Scraped caption text data
Start of Block
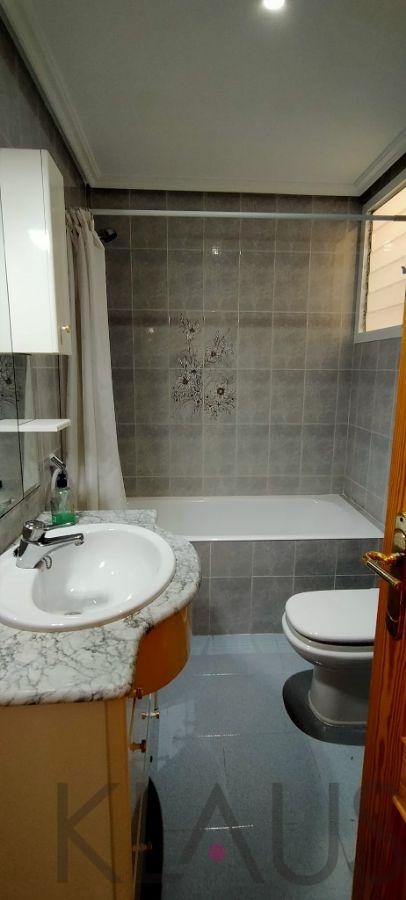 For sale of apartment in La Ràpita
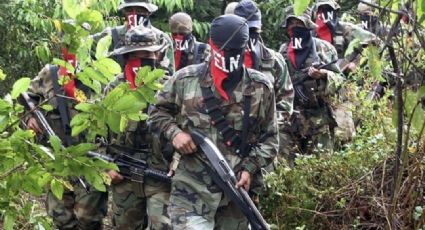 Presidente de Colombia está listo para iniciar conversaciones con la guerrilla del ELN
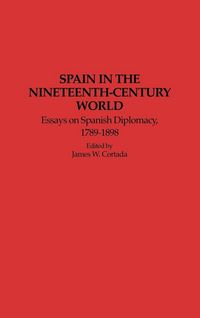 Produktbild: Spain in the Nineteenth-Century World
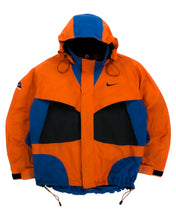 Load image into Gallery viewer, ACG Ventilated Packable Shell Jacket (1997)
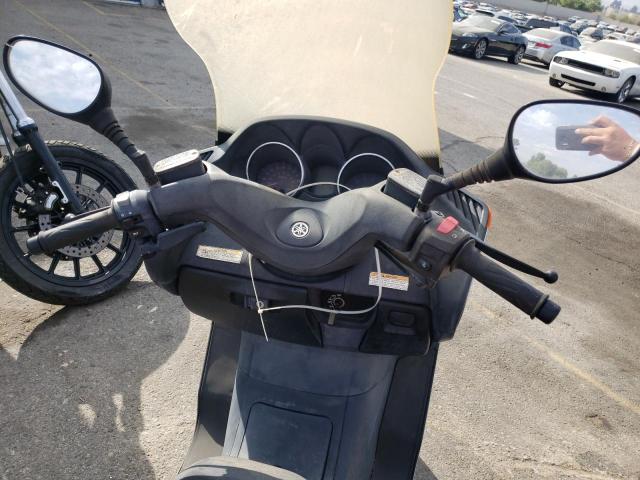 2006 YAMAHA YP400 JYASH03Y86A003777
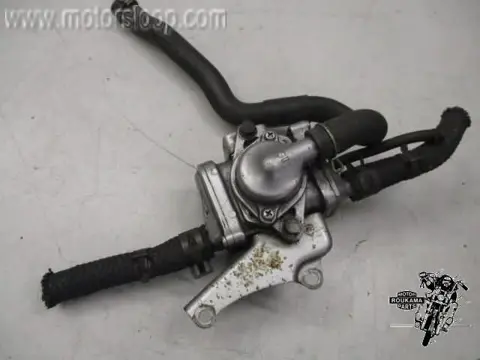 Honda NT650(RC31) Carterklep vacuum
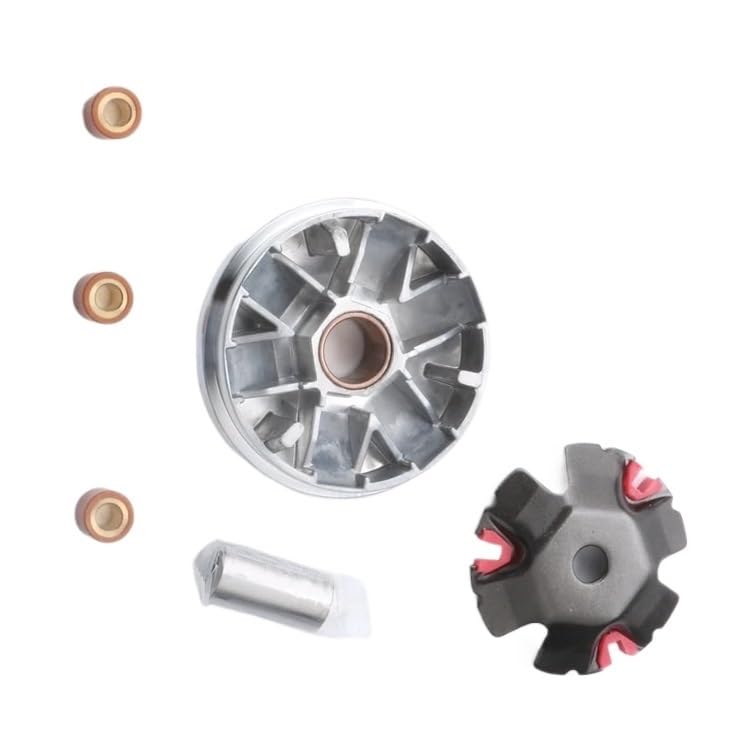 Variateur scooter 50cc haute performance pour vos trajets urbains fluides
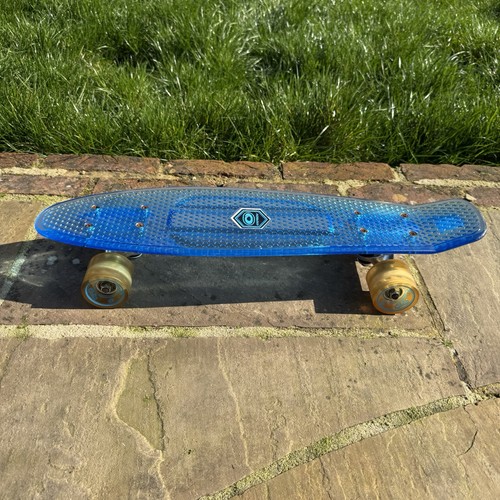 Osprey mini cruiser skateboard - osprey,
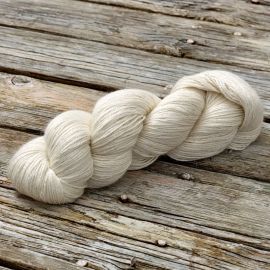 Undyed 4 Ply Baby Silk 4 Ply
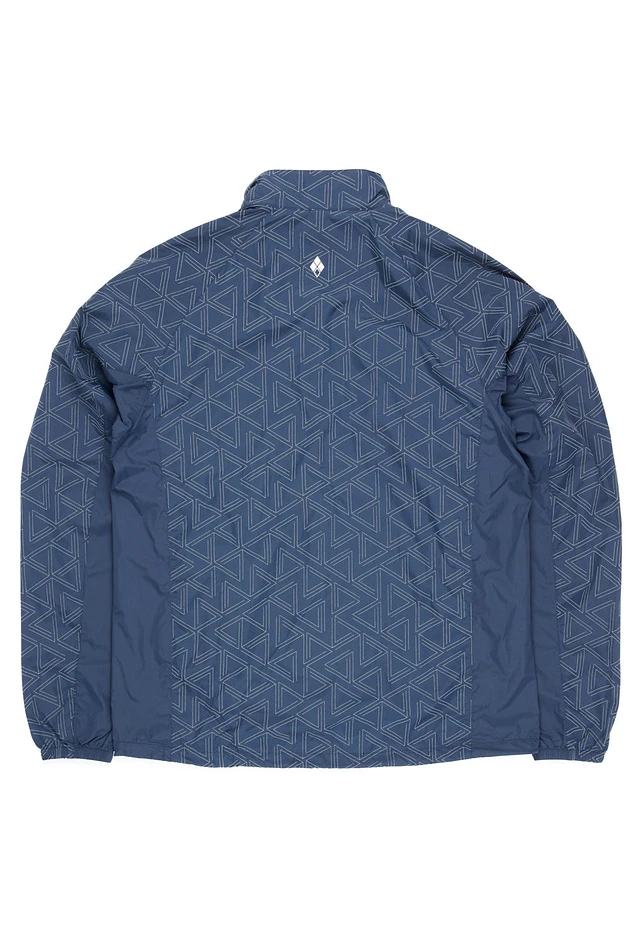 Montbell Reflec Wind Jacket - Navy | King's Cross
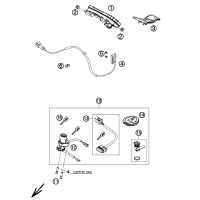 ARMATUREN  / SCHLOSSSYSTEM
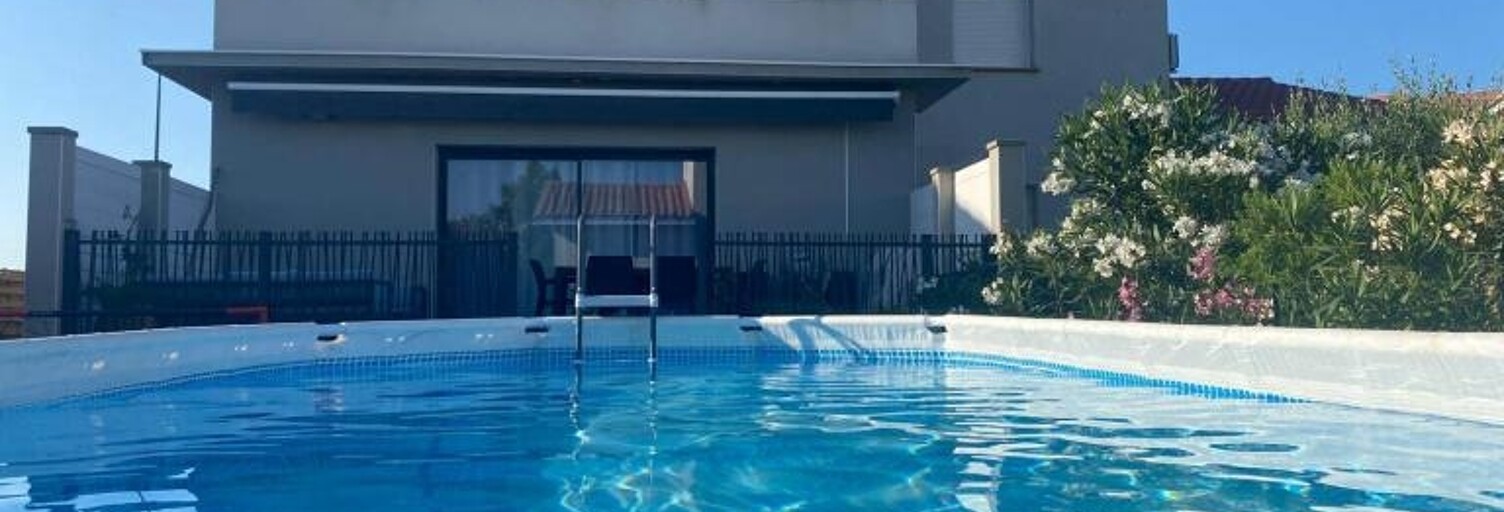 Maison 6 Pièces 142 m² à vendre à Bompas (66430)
End of Block
• **Exercise details**: An exact restatement is expected of the lines from the line containing "Osprey mini cruiser" to the end of the data above, pictures excluded.

• **The answer**:
 Osprey mini cruiser skateboard - osprey,
 Undyed 4 Ply Baby Silk 4 Ply
 Montbell Reflec Wind Jacket - Navy | King's Cross
 ARMATUREN  / SCHLOSSSYSTEM
 Maison 6 Pièces 142 m² à vendre à Bompas (66430)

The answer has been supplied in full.